Comecei a ver o esforço que eu preciso para não dar vazão a
toda raiva que sinto diante de tudo. O monstro é tão grande que comecei a
desconfiar que o esforço que eu tenho que fazer para não pagar com a mesma
moeda à toda a violência que sinto que tem sido praticada pelos políticos da
extrema direita e seus seguidores tem um preço caro para mim. Sinto que quando o
monstro aparece e eu, por acreditar que não seria humanamente útil, tento
segura-lo de toda forma, tenho uma tendência a me adoecer por dentro, em um
processo de implosão que também vem se apresentando como uma perda de energia.

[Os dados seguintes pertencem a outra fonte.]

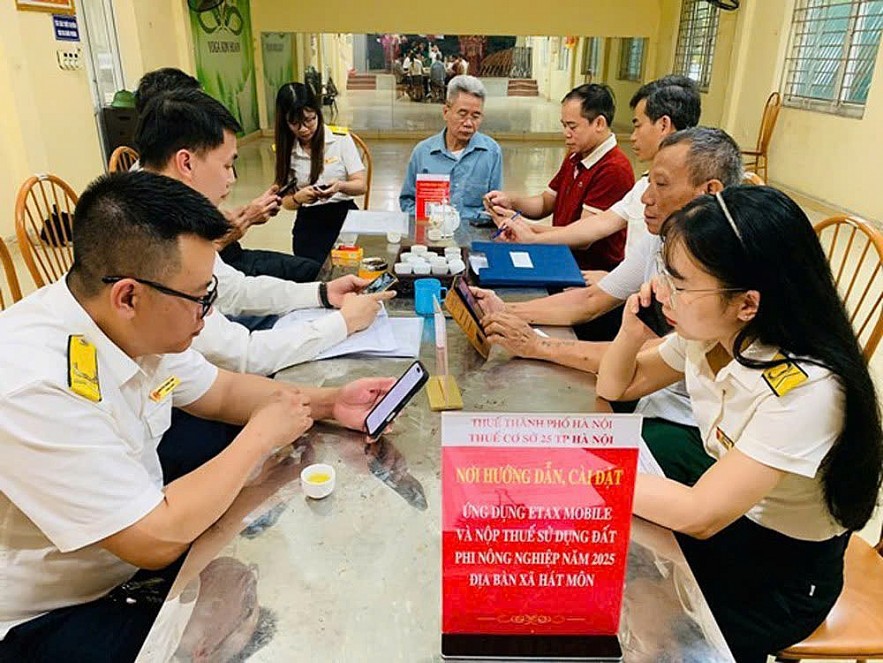 Công chức Thuế TP. Hà Nội hướng dẫn người nộp thuế khai thuế sử dụng đất phi nông nghiệp năm 2025 qua Etax Mobile. Ảnh: MP Công chức Thuế TP. Hà Nội hướng dẫn người nộp thuế khai thuế sử dụng đất phi nông nghiệp năm 2025 qua Etax Mobile. Ảnh: MP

Parece que minha energia é gasta tentando me conter, sufocar o monstro e que,
quando eu consigo essa proeza, parece não sobrar muito mais de energia para
poder pensar efetivamente o que fazer proativamente no sentido de querer mudar
alguma coisa.

Ao meu ver a minha raiva me joga para fazer algo de concreto,
para não aceitar de forma alguma o desenrolar dos fatos, ela me leva a querer
ir pro meio da rua e talvez fazer algo mais radical. Se eu escuto o meu monstro
ele grita na minha cara que é inadmissível ninguém parar o presidente, seja
qual for o custo; que não é possível que a minha resposta a essa loucura que
vivemos seja “somente” ficar na quarentena, no meu lugar de privilégio, e fazer
movimentos mais individuais de cuidados comigo e com as pessoas a quem tenho um
acesso mais direto; ela me lembra o quanto os números são vidas e que não é
possível esperar as eleições para tentar modificar as coisas dentro do jogo
democrático, através de mobilizações, votos mais conscientes, etc. Minha raiva
me parece muito descrente e desesperada. Desesperada e/ou desesperançada, no
sentido de não achar que se tem mais o que esperar. Meu monstro me pergunta:
“Qual o limite da barbárie? Até quando ainda é humano conviver com tantas monstruosidade
sem fazer ‘nada’?”. Quase me sinto disposto à lei do talião.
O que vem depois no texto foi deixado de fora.